## Exercise
Down to the last character, repeat the data that follows.

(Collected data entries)
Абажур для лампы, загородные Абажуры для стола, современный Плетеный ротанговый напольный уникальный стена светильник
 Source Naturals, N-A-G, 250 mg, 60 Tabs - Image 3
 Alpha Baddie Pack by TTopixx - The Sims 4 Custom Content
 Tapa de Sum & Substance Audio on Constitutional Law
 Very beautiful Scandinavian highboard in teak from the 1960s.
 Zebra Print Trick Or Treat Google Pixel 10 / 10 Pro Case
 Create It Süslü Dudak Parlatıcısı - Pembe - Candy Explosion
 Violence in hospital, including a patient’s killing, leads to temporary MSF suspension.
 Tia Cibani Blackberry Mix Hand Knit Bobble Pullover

## Answer for this exercise
Абажур для лампы, загородные Абажуры для стола, современный Плетеный ротанговый напольный уникальный стена светильник
 Source Naturals, N-A-G, 250 mg, 60 Tabs - Image 3
 Alpha Baddie Pack by TTopixx - The Sims 4 Custom Content
 Tapa de Sum & Substance Audio on Constitutional Law
 Very beautiful Scandinavian highboard in teak from the 1960s.
 Zebra Print Trick Or Treat Google Pixel 10 / 10 Pro Case
 Create It Süslü Dudak Parlatıcısı - Pembe - Candy Explosion
 Violence in hospital, including a patient’s killing, leads to temporary MSF suspension.
 Tia Cibani Blackberry Mix Hand Knit Bobble Pullover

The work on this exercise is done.